This dipshit wasn’t going to be the reason I had to sit out a season.
He wasn’t.
The urge to open my mouth and tell him to go suck a cock wasright there, but I reeled it in slowly and steadily like it was a barracuda fighting for its life. But I did. I kept it deep in my chest, in my heart and locked it up.
He wasn’t going to take this away from me.
In what was probably one of the hardest things I’d ever done, I kept my middle fingers tucked in, my knee straight and away from the general vicinity of where a groin on a six-foot-two man would be, and pivoted around before sliding into my car. I closed the door without saying anything, made sure I wasn’t going to run over anyone, and backed out of the spot I was in.
I didn’t look in my rearview mirror once. I was too pissed.
I made it as far as the light before one single tear came out of my eye. Just one. How could he threaten me after what I’d done? I couldn’t understand. I took a deep, ragged breath and told myself that I wasn’t going to waste my tears on him. Whether it was humiliation or being insulted or plain being angry, it didn’t matter.
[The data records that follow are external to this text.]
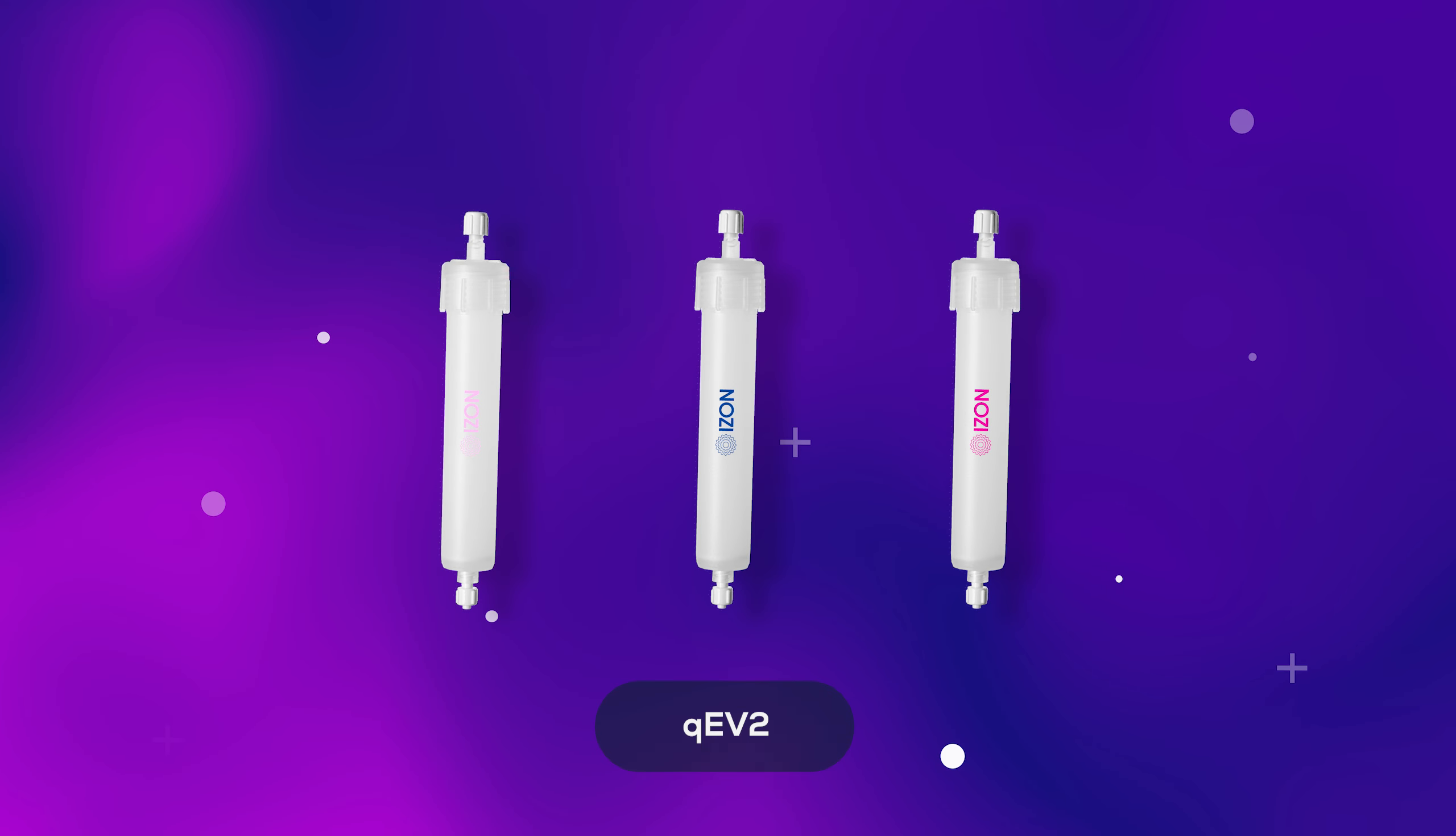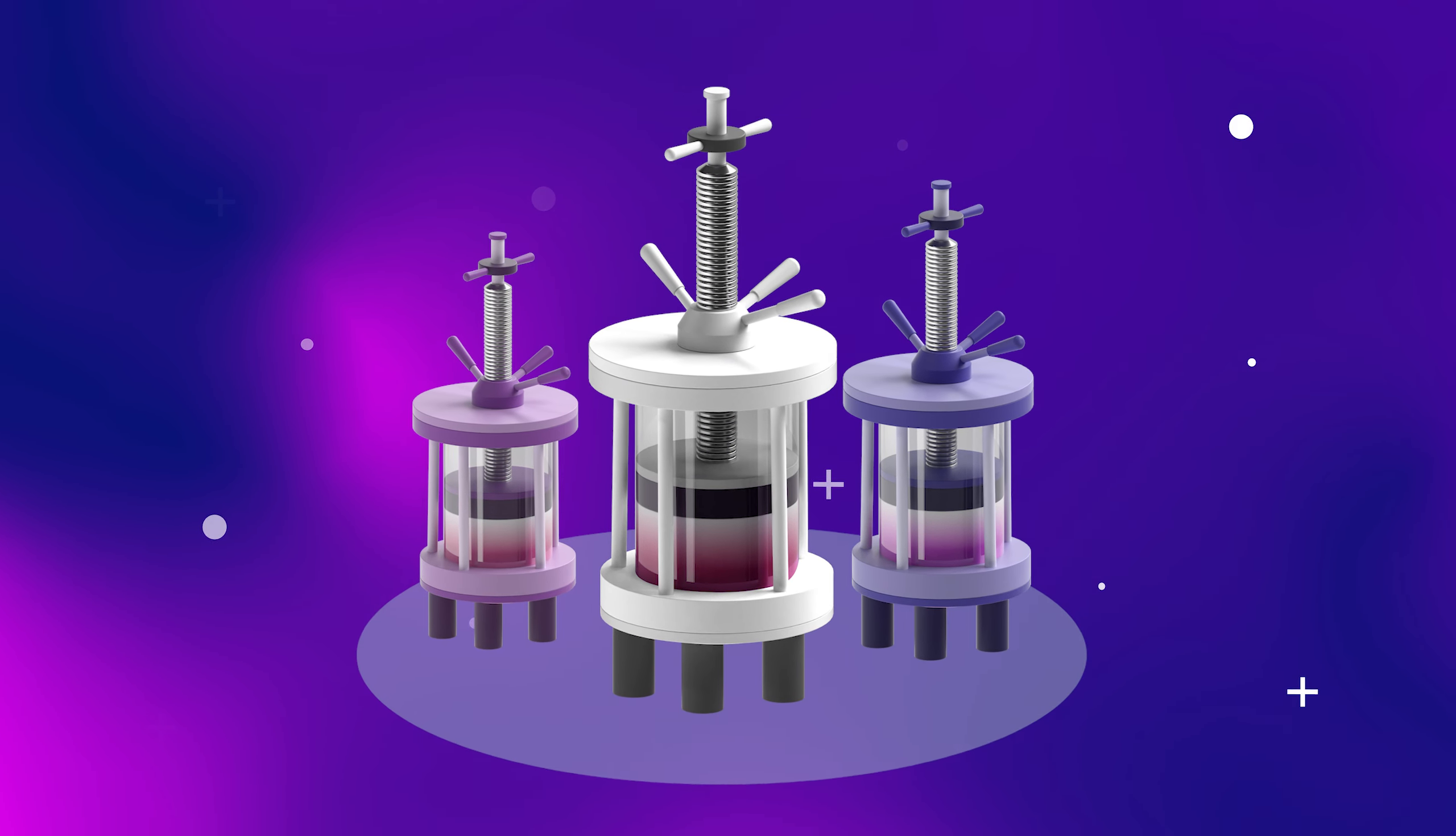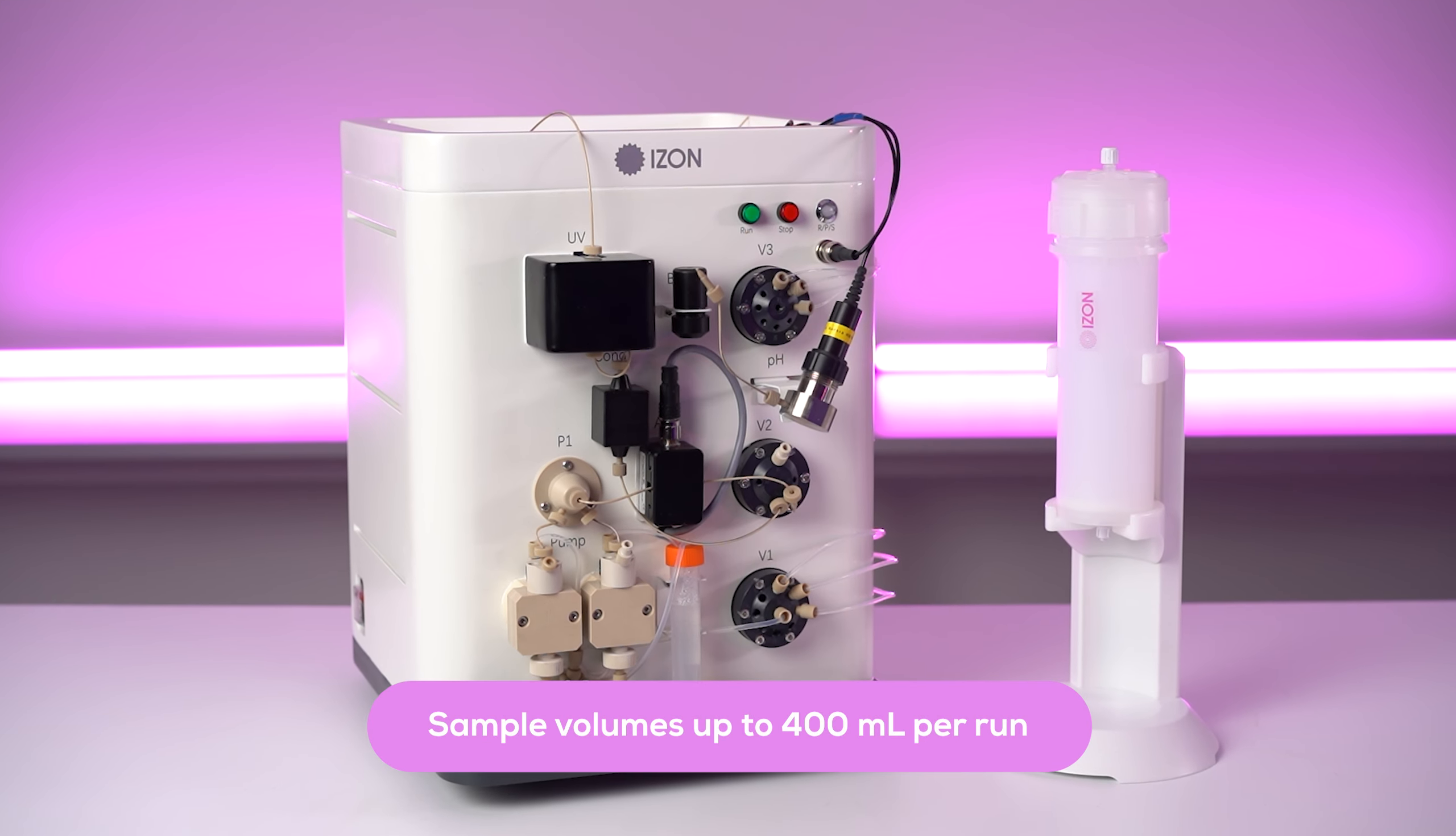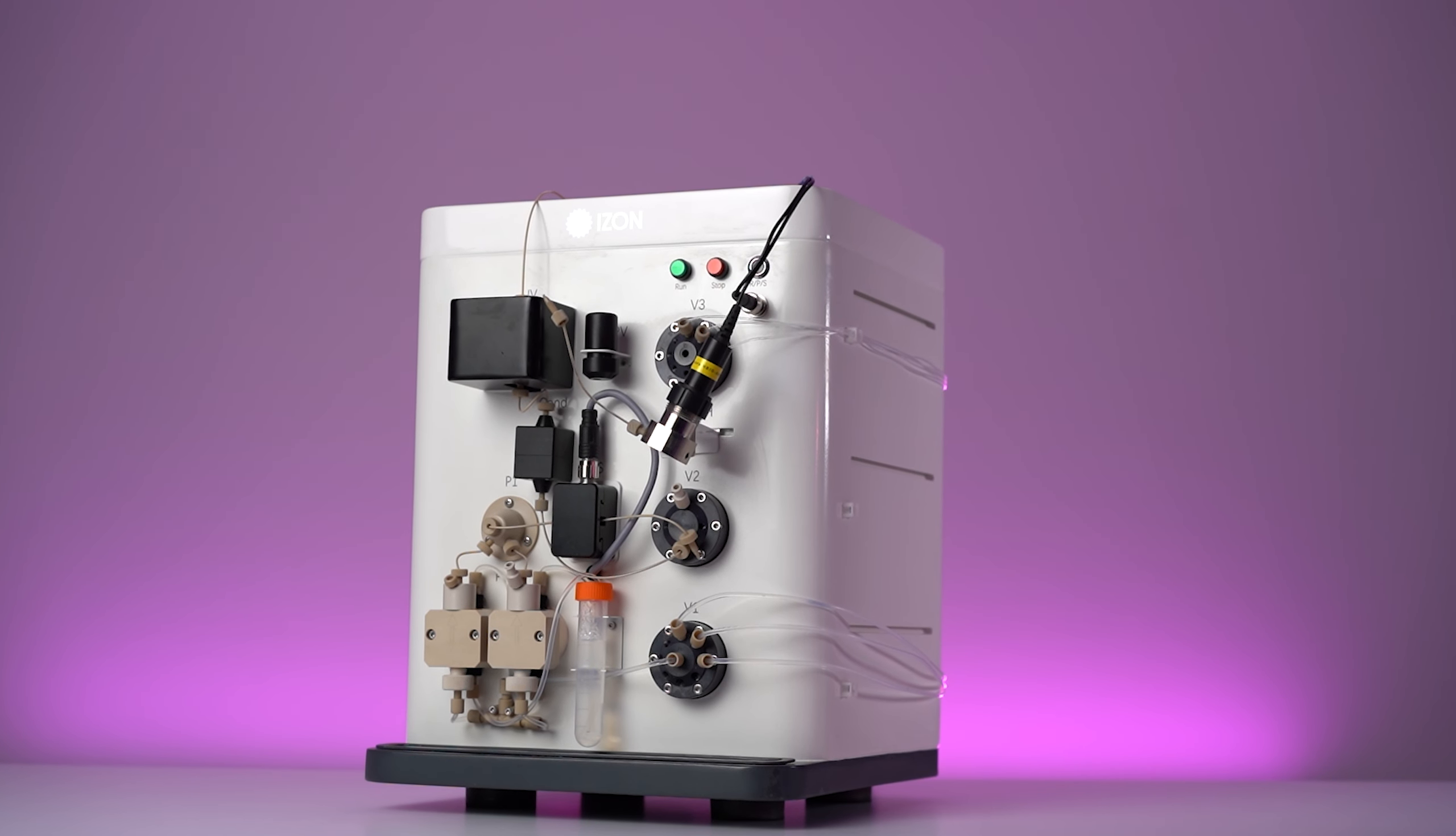Compatible with our larger QEV size exclusion chromatography columns, as well as our more industrial sized customized columns, the QEV Zinco accommodates a wide range of sample volumes up to around 400 milliliters.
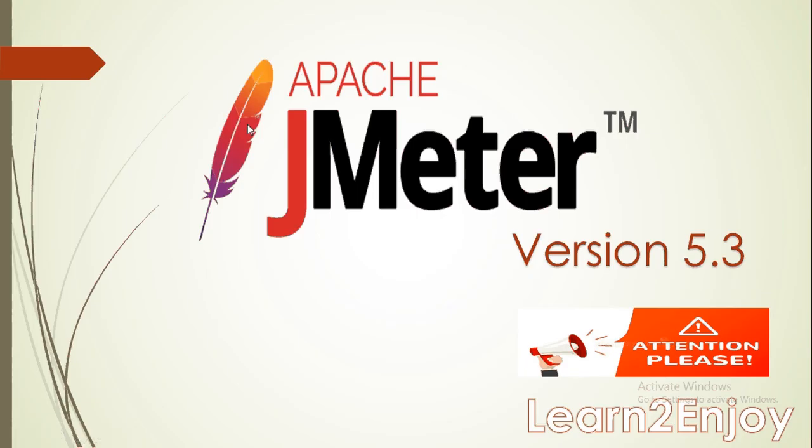Hello all and welcome back to Learn to Enjoy channel. Thank you for subscribing my channel, if not please do. So happy to share that JMeter 5.3 version has been released, so let's quickly look into JMeter 5.3.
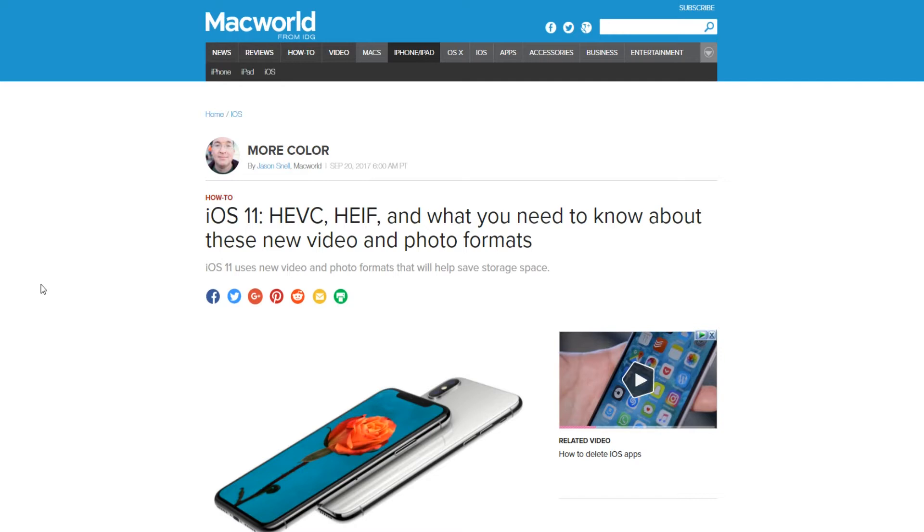I think if you have a 5S, you will not be able to use the new operating system. But I may be wrong on that. I read something about that. So basically, anybody with an older phone will not be able to use the new update. But if you have anything higher than a 5S, you will be able to use it no problem.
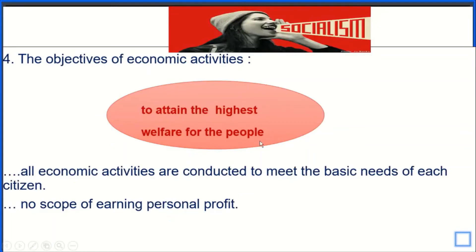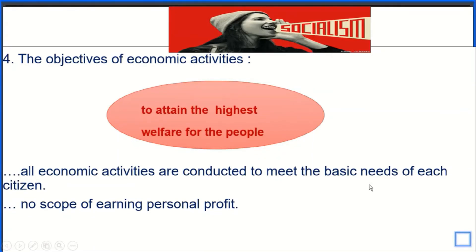Number 4 characteristic is the objectives of economic activities. The objective of economic activities is to attain the highest welfare for the people. All economic activities are conducted to meet the basic needs of each citizen, and there is no scope for earning personal profit. In the capitalistic economic system, there is a lot of scope for earning personal profit, but here, since production is done by government, there is no scope for earning personal profit.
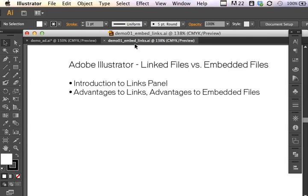One of the critical elements to understanding your native Adobe Illustrator files is understanding the difference between a linked file and an embedded file. This isn't just an introduction where we're going to brush over the links panel and talk to you about some of the advantages to using links and some of the advantages to using embedded files.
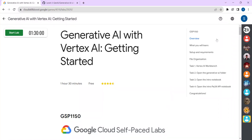Hi everyone, so today we are going to do this lab: Generative AI with Vertex AI - Getting Started. In the description box there is a link to open this lab. Just click on that link and you will see this page open. If you are not logged in, you will see a sign in or join button — click on sign in and log into your Google account.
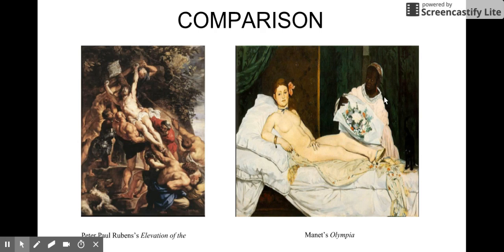It seems as if Manet is saying that paintings should reflect real life and not the imagined, typical features and idea of women. It's almost as if he wanted to remove the illusion of the ideal woman during this time.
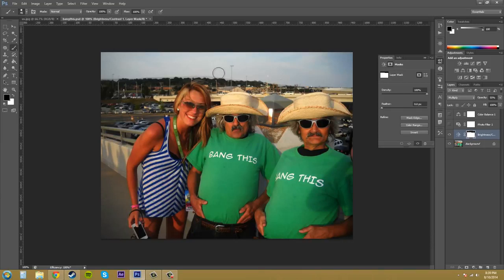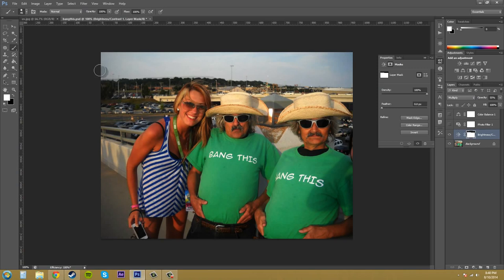Say you messed up and accidentally went way down into this guy's hat — just switch your foreground color to white and you can paint it right back in. If you happen to know what an alpha mask is, this is kind of like that. Black is going to take away the adjustment layer's property, and anything that's white in the mask is going to bring it back in. So if you start painting with white, the adjustment layer is going to be filled back in there.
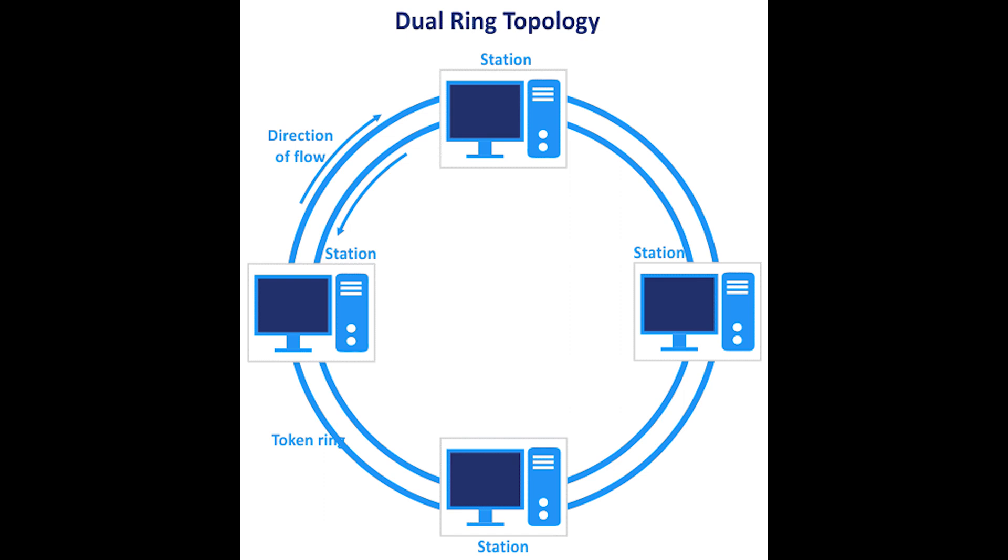In a dual ring structure, information is transmitted in clockwise and counterclockwise directions. There's a backward way of transmission in case one transmission fails. These systems are known as redundant ring structures.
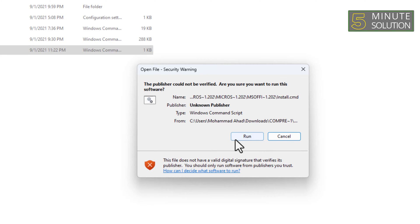Done. We have successfully fixed the error in Windows 11. Thanks for watching. Subscribe to our 5-Minute Solution channel for more videos.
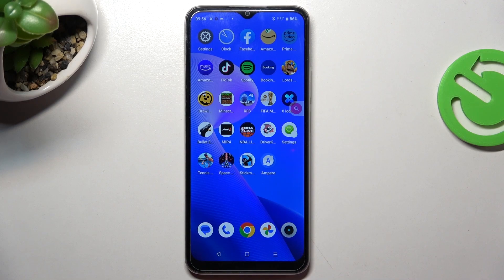Hi, welcome to Hard2ResetInfo channel. In front of me is the Realme C33, and now I can show you how to make a factory reset on this device.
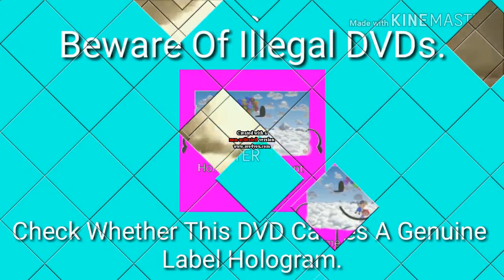Beware of illegal DVDs. Check whether this DVD carries a genuine labeled hologram. Video piracy is a crime. Do not accept it. Demand a genuine DVD from your video store. More quality. Now you will be able to read this.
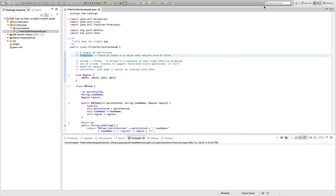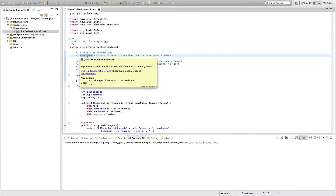A couple of definitions you need to understand before we get going. The first is a predicate — a predicate is really just a function that takes in a value and returns true or false. You might pass an object to this predicate and the predicate will say: does it meet this condition? We'll show a couple of different ways to create a predicate and then see how we use that while filtering.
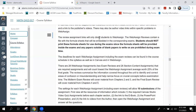The review assignment links will only direct students to WebAssign. For the reviews, there's no e-book link, no publisher video links, and no PowerPoint slide link — because all of that was for the individual sections. There's no midterm review section in the textbook or publisher's videos; the midterm is something I created. So there's an assignment I created in WebAssign, but it doesn't have all those other supplemental links.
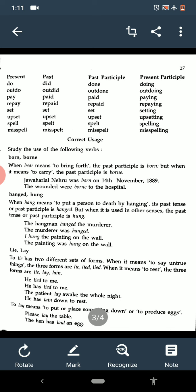Then comes the correct usage. Study the use of the following verbs. The verb is born. When 'bear' means to bring forth, the past participle is B-O-R-N, born. And when it means to carry, the past participle is B-O-R-N-E, borne. See the example: 'Jawaharlal Nehru was born on 14th November 1889.' The wounded were borne to the hospital — borne means to carry, born means to bring forth.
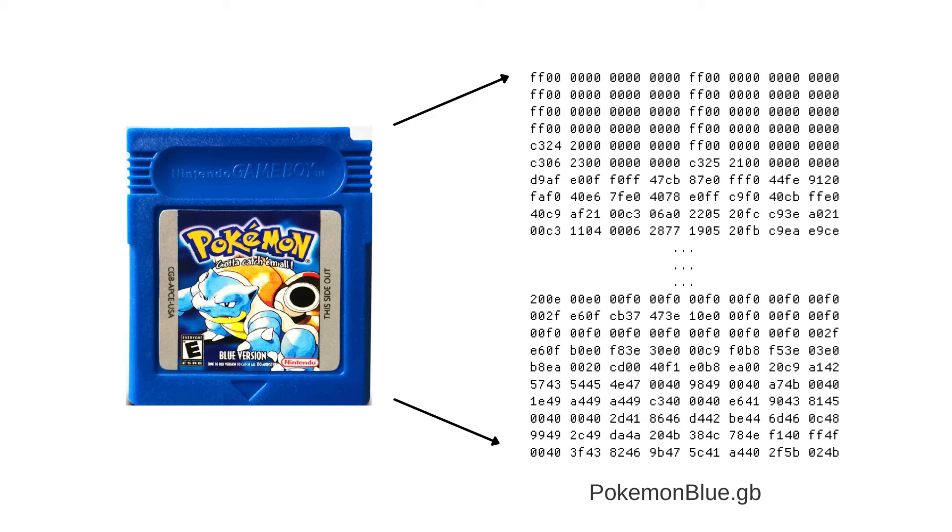For example, Tetris has only 32 kilobytes of data, while Pokemon Crystal is about 2 megabytes.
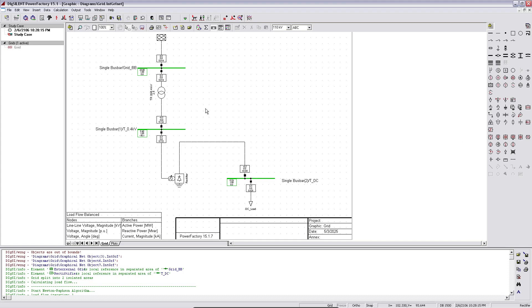Hi again. This is a short video to show you how to activate the animated load flow in PowerFactory. Sometimes this is convenient to show the running arrows to visualize the flow of power in the diagram and to understand the functionality even better.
His stupid-ass opinion didn’t matter to me. I knew who I was and what I was.
He could go suck a big dick.
And I hoped he gagged on it.
“Are you okay?”
I tied the knot on the big black bag I’d just finished dumping the grass catcher into. I nodded at Marc and gave him a tired smile. “I’m okay. Are you?”
He pulled his hat off his head and ran a hand over his short black hair. “A little hung-over, but I’ve been through worse.” He fidgeted with the duffel bag he had thrown across his body before following after me. “Was, uh, everything okay last night?”
“Yeah. He made it to practice this morning.” I said that so casually I thought I deserved a gold star. “Thanks again for calling me.”
He shrugged off my thanks and picked up the edger waiting on the driveway. “What the hell do you think he was doing there anyway?” He asked the question quietly.
“I have no clue.” He hadn’t said anything besides threaten me. Fantastic. “It seems pretty stupid to me, but at least we got him out of there.”
Slamming the tailgate closed once we had all of our equipment back in the truck bed, Marc turned to look at me. “You did the right thing. Don’t worry about it.”
The sudden urge to tell him that Kulti threatened my season loomed in my mouth, but I kept it there. All it had been was a threat. I told myself that I wasn’t going to give that cyst power over me.
Plus, I had a nagging suspicion that I would never, ever acknowledge that I might still let out a tear or two if I repeated his words aloud. It was only because I didn’t have anything in my hand that I could afford to break that I didn’t throw it onto the floor.
Wanting to throw something just wasn’t like me. I wasn’t this person. I couldn’t believe he was capable of bringing these emotions out of me. I wasn’t hot-tempered or emotional. Not anymore, at least.
It was his fault. It was all Kulti’s fault.
“Salomé! Salomé Casillas!”
I had been purposely hanging my head low so that the journalists hanging around the training field wouldn’t see me behind the group of players I was heading to the field with.
Damn it.
“Sal!”
Jenny snorted when I stopped, and she kept walking right on past me. Traitor. Forcing a polite smile on my face, I looked around at the female voice calling my name. She hurried over, recorder in hand, a smile so big I really wasn’t sure whether it was authentic or not. You could never really tell anymore.
“Hi,” I greeted her.
“Hey, thanks so much for stopping,” she said, brushing her long hair out of her face. “Do you have a couple minutes for me?”
The “sure” that came out of my mouth sounded strangely convincing. Honestly, it was nothing against anyone in the media, it was just me being awkward and antisocial, knowing that my words could be documented and held against me. Maybe.
She slid me a grin, holding up her recorder. “I’m going to record this, if you can approve it for me.” I did. “Okay, thanks again. My name is Clarissa Owens and I work for Social Jane.”
A website I’d heard of. Okay, that wasn’t too bad.